Mitochondrial superoxide was detected using MitoSox Red (Molecular Probes, Eugene, OR, USA). Mouse pulmonary microvascular endothelial cells (PMVECs) (wild-type orBMPR2R899X) and transgene induction were conducted as previously reported. The cells were grown to 50–80% confluence on chamber slides. MitoSOX was added to a final concentration of 0.5 µM, Hoechst stain was added to a final concentration of 0.1 µg·mL−1. Cells were placed in an incubator for 20 min at 37°C and then washed three times with Hanks' balanced salt solution containing calcium and magnesium. Mounting medium (Vector Laboratories) was added to the slides and covered with coverslips. The digital images were taken using a Nikon Eclipse 90i upright fluorescent microscope with an 100× oil immersion objective lens.
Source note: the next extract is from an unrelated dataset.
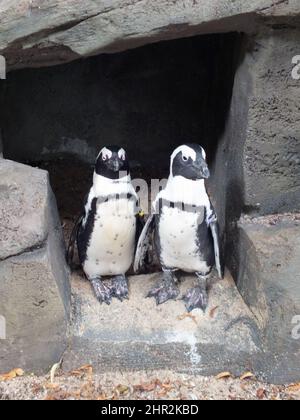 Zwei niedliche Pinguine, die vor grauen Felsen in einem Zoo stehen, ein lustiges kleines Pinguinpaar, das auf dem Foto lächelt, glückliche Tierfreunde, polare, große Vögel Stockfoto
Wild-type and BMPR2R899X murine PMVECs were harvested and cultured from the Immortomouse background, as previously described . 72 h prior to experiments, cells were transitioned to 37°C, and doxycycline (300 ng·mL−1) was added to induce transgene expression. For the 24 h prior to analysis, cells were treated with 1 µM 16αOHE1 or vehicle. Cells were washed in basal assay medium (Seahorse Biosciences, North Billerica, MA, USA). 1 h prior to analysis, cells were equilibrated in a carbon dioxide-free incubator in basal assay medium supplemented with glucose (1 g·L−1), l-glutamine (2 mM) and sodium pyruvate (1 mM) at pH 7.4. Cells were then analysed in the Seahorse XFe96 Extracellular Flux Analyzer using the mito stress test protocol with the following reagent concentrations (optimised for these analyses in separate experiments): oligomycin (2.5 µM final well), FCCP (0.5 µm final well), FCCP (0.5 µm final well, total 1 µM) and rotenone and antimycin A (0.5 µM final well) at the manufacturer's recommended concentrations. Data are reported as the average of five to eight wells per individual condition in each experiment, with experiments performed in duplicate with 70 K PMVECs per well.
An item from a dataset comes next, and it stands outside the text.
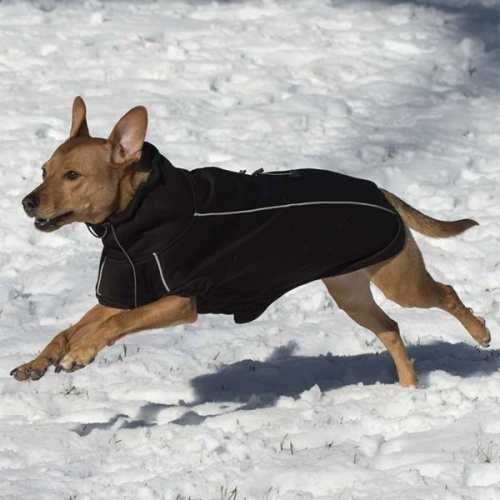 Olympia Soft Shell Fleece Winter Dog Coat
Glut4-GFP expression vector was purchased from OriGene (Rockville, MD, USA). Cells were transfected with Lipofectamine 2000 reagent (Invitrogen) according to the manufacturer's instructions. Transfection solutions were replaced with fresh medium 4 h after transfection, and cells were treated with 1 µM 16αOHE1 or vehicle for 18 h. The cells were then serum-starved for 6 h, stimulated with 10 nM insulin for 1 h, fixed, washed and stained for 4′,6-diamidino-2-phenylindole (DAPI) and DY-554 phalloidin (red). Coverslips were mounted in Vectashield mounting medium (Vector Laboratories) and observed under a microscope.
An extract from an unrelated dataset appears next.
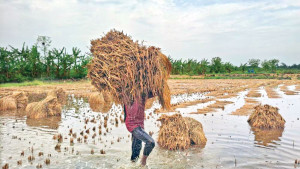 ধান-ডাল সব গেছে পানির নিচে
Immunolocalisation of isoketal protein adducts and ceramides was performed on murine lung sections. Tissue sections were deparaffinised, rehydrated and treated with 0.3% hydrogen peroxide as described previously. For isoketal staining, sections were incubated in 0.1 M PBS (pH 7.4) containing 5% normal mouse serum and 5% bovine serum albumin (BSA) for 30 min at room temperature to block nonspecific binding of the secondary antibody. Sections were incubated with 5 µg·mL−1 D11 ScFv (isoketal antibody) for 2 h at room temperature and then incubated with horseradish peroxidase (HRP)-labelled anti-E tag (1:500 dilution; GE Healthcare, Pittsburgh, PA, USA) for 2 h at room temperature. For ceramide staining, antigen retrieval was performed in 10 mM citrate buffer. The sections were blocked with 5% BSA, followed by incubation with ceramide antibody (Enzo Life Sciences, Farmingdale, NY, USA) overnight at 4°C. The following day, the sections were incubated with biotinylated secondary antibody followed by incubation with HRP-conjugated streptavidin. Diaminobenzidine was used as a substrate for HRP (Vector Laboratories). The sections were dehydrated and mounted in Cytoseal XYL (Richard-Allan Scientific, MI, USA) for light microscopic examination.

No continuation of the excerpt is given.